Thank you Veronica, it is a shame, such a beautiful country doesn't have an efficient system. It is so worrying and I am completely frustrated by this situation. I don't know why they don't understand the situation the people have to face. I went several times and I tried to call them every 5 minutes nearly every day. The phone was ringing constantly but no body answered either nobody take a responsibility. Just wait what wait! That's only I can do. How many hundreds of people like me facing the same situation. This is going on and on for years and years. It will never improve!


----------



## philbotch (Dec 4, 2013)

In 3 separate visits to the Migration Department in Nicosia I have been told that during the year preceding an application for citizenship applicants may have absences from Cyprus of "10-20 days" for holidays and "up to 90 days" for other reasons, such as compassionate circumstances. 
It is difficult to find out how the latter policy is applied in practice.

I have also been told on two occasions by the same Department that EU citizens can apply for citizenship after 5, rather than 7 years though it is not printed on the immigration section of the MOI website.


----------



## panikos0 (Feb 7, 2015)

In 2016 they were proccesing applications from 2009. That can give you an idea on how long it takes to get an answer. As you said that you applied in 2011,you should expect an answer 2018 if there have been even more delays.

You could try and file a complain to the Cypriot Ombudsman. In case close to my family they actively tried to pressure the immigration department and kept me upto to date on status of the application.


----------



## Krishni (May 5, 2017)

*Cyprus passport*

Thank you Panikos, 
I don't mind about how long they will take to issue my passport. The problem is even they are not issuing my MEU2 which I can travel without any problem. At the moment they have issued me a re entry permit which most of England airports do not recognised. Every time, I am held up at the airport with several questions. So difficult to explain to them. I am studying in the UK and because of this re entry permit, every 3 month, I have to return to Cyprus. I am really fed up at the moment.

At the moment my file is in the Ministry of Interior. That's why migration can not issue my MEU2. They have sent several request ,send my file back to Migration so they can issue my MEU2 but no one take a notice.


----------



## madmum54 (Apr 24, 2016)

what are the advantages of getting citizenship over just the yellow slip which most have


----------



## Krishni (May 5, 2017)

With passport Easy to travel and you will get all rights as a citizen of Cyprus but not with the yellow slip. You can travel with your yellow slip for a few countries not as much as passport. When yellow slip will be expired you have all these trouble to renew it again and it is valid only for five years. 
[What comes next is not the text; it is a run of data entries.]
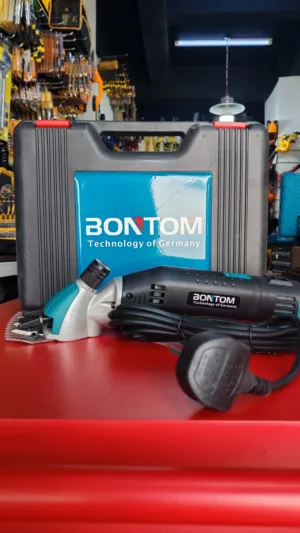 حلاقة المواشي اغنام غنم حلق شعر الاغنام كهرب بونتوم bontom تحلق الشعر الصوف صوف كثيف 4500W قوي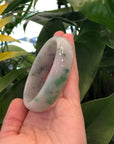 Baikalla Jewelry Jadeite Jade Bangle Bracelet Baikalla Genuine Burmese Green Jadeite Jade Oval Bangle (59.70 mm)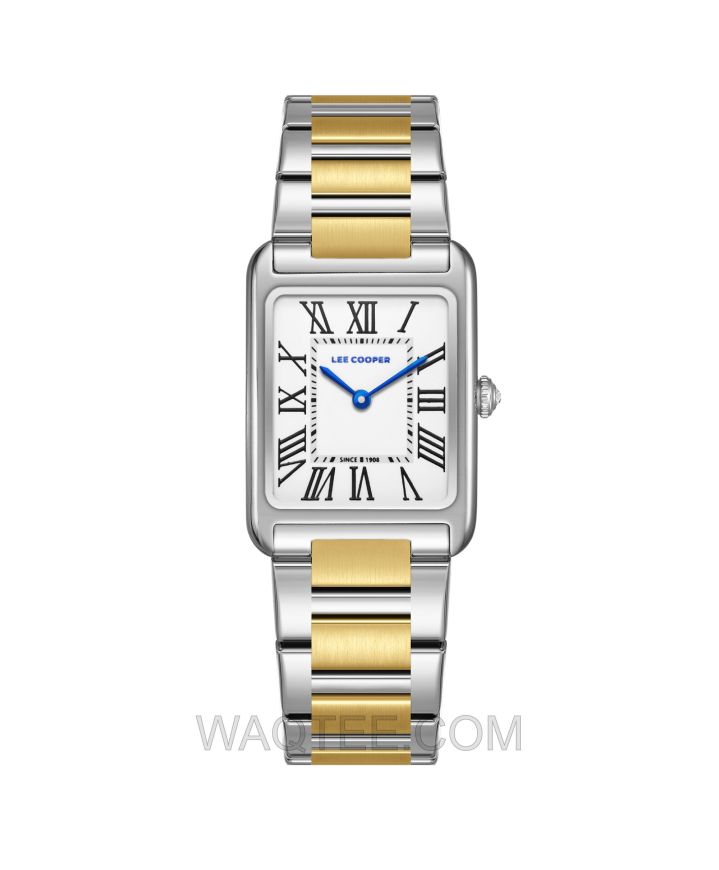 Lee Cooper Astrea Silver & Golden St. Steel White Dial For Women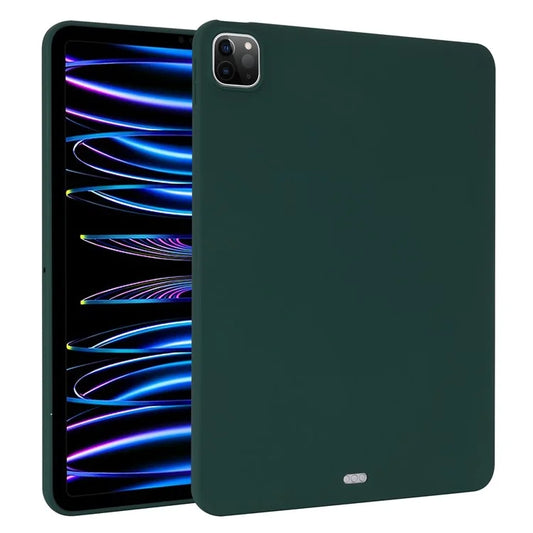 For iPad Pro 11 (2018) / (2020) / (2021) / (2022) Case Anti-scratch Skin-touch TPU Tablet Coverish Green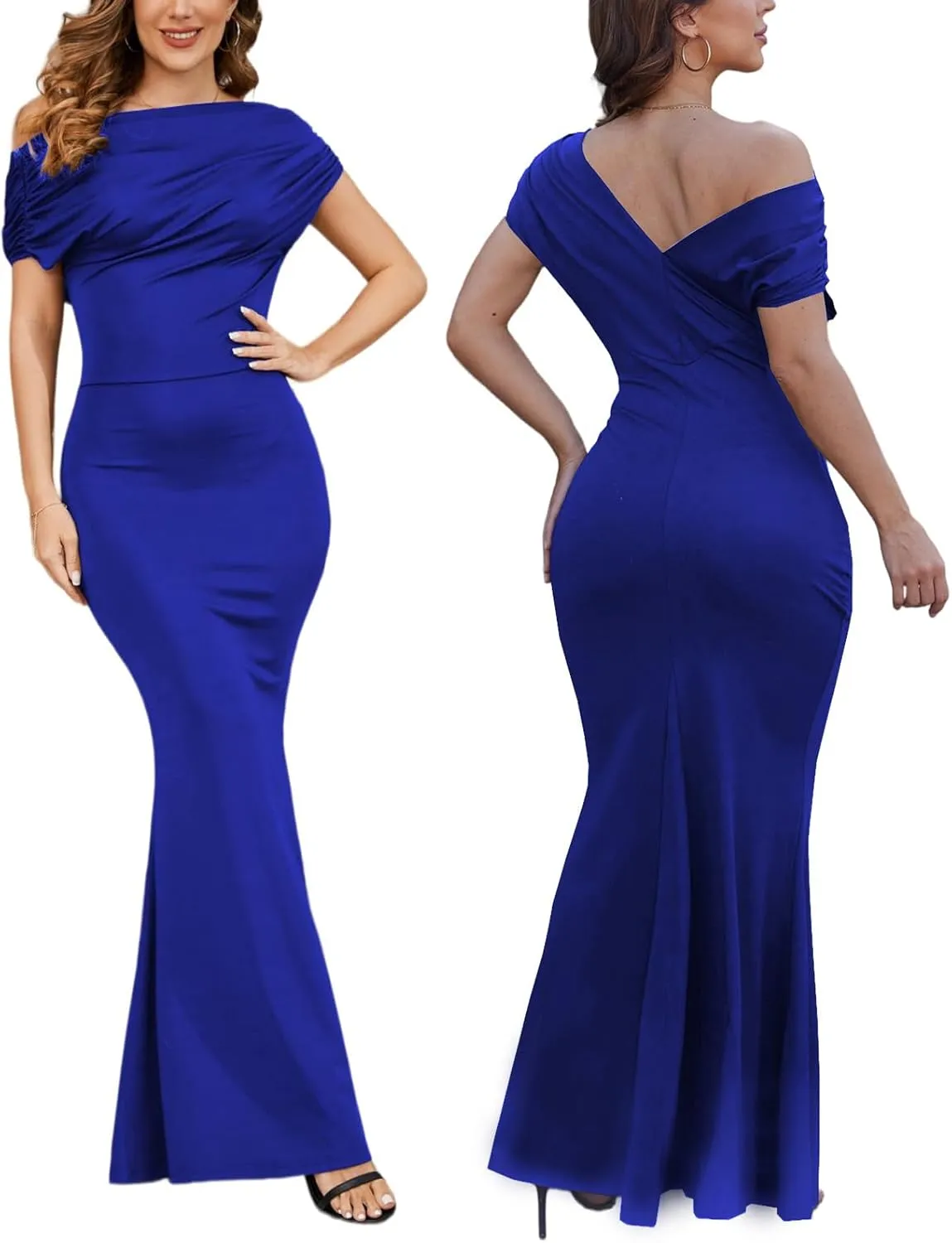 Womens Bodycon Formal Maxi Dresses Elegant Sleeveles Evening Party Long Dress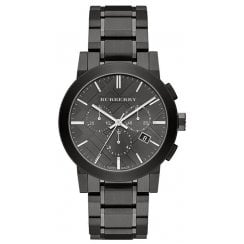 Burberry Mens Gunmetal The City Chronograph Watch BU9354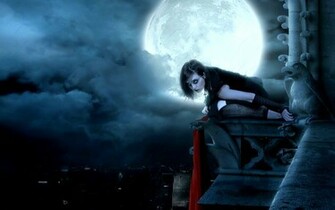 Gothic Art The Moon Fantasy Wallpaper HD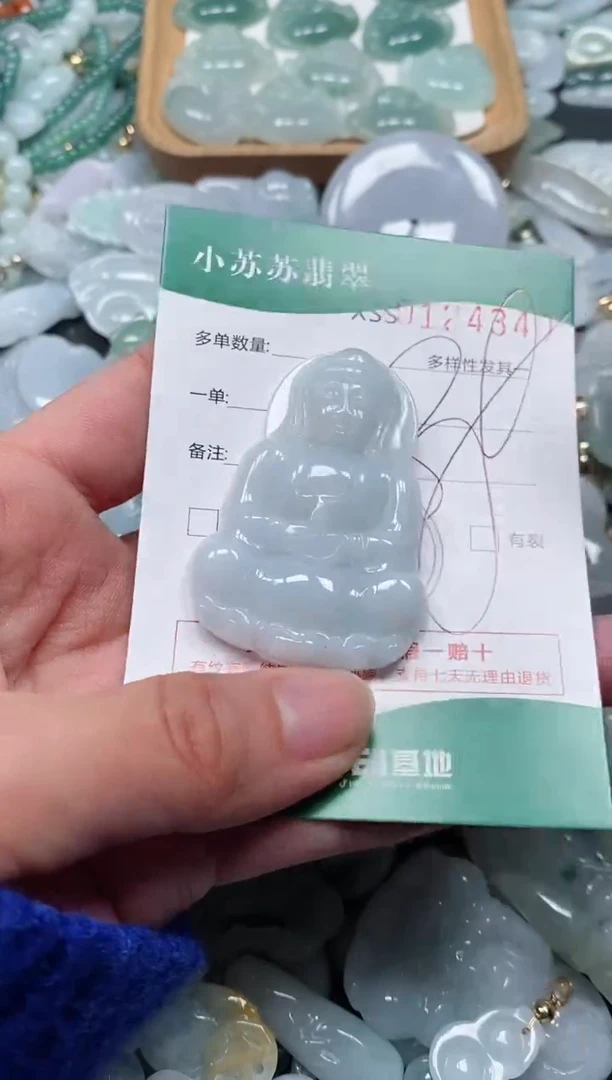 【闪购商品】翡翠颈饰未镶嵌闪购商品0124340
My problem is at the moment, I don't have even one.


----------



## PeteandSylv (Sep 24, 2008)

That's the first I've heard of anything to do with travelling with a yellow slip. As I understand it the yellow slip is an EU requirement to establish the country of residency regardless of which passport or passports are held by the individual. Within Shenken countries you can travel using a passport or identity card, everywhere else requires a passport.

Pete


----------



## Krishni (May 5, 2017)

No Pete, I traveled to a lot of EU countries with my Yellow Slip(MEU2) under free movement EU low. Only the EU country we cannot travel with yellow slip is the UK


----------



## PeteandSylv (Sep 24, 2008)

Krishni said:


> No Pete, I traveled to a lot of EU countries with my Yellow Slip(MEU2) under free movement EU low. Only the EU country we cannot travel with yellow slip is the UK


I am very surprised by your answer. I have never heard of anyone travelling with just a yellow slip and I can't find any EU or other regulation stating that you can.

I wonder if you have confused the ability to move from one Schengen country to another across internal borders without any border check.

In all cases I see that the advice is to always have a passport or identity card with you. The MEU2 is never mentioned.

If you have any reference that clarifies this I would be grateful if you would post it.

Pete


----------



## Krishni (May 5, 2017)

Sorry Pete for the misunderstanding.
Of course you must have your passport! 
I meant visa for EEA family members. Yellow slip can use as a visa.


----------



## panikos0 (Feb 7, 2015)

PeteandSylv said:


> I am very surprised by your answer. I have never heard of anyone travelling with just a yellow slip and I can't find any EU or other regulation stating that you can.
> 
> I wonder if you have confused the ability to move from one Schengen country to another across internal borders without any border check.
> 
> ...


Non-EU family members of EU nationals can use their MU2 obtained in Cyprus to travel to the UK.


----------



## madmum54 (Apr 24, 2016)

If passport is the only advantage then it would be no point for us. just keep our UK ones

I thought the yellow slips did not expire any more


----------



## Krishni (May 5, 2017)

Sorry Pete, I didn't know that. I never tried to travel to England with my MEU2 because UK always got their own rules. I didn't want to get stuck at the border.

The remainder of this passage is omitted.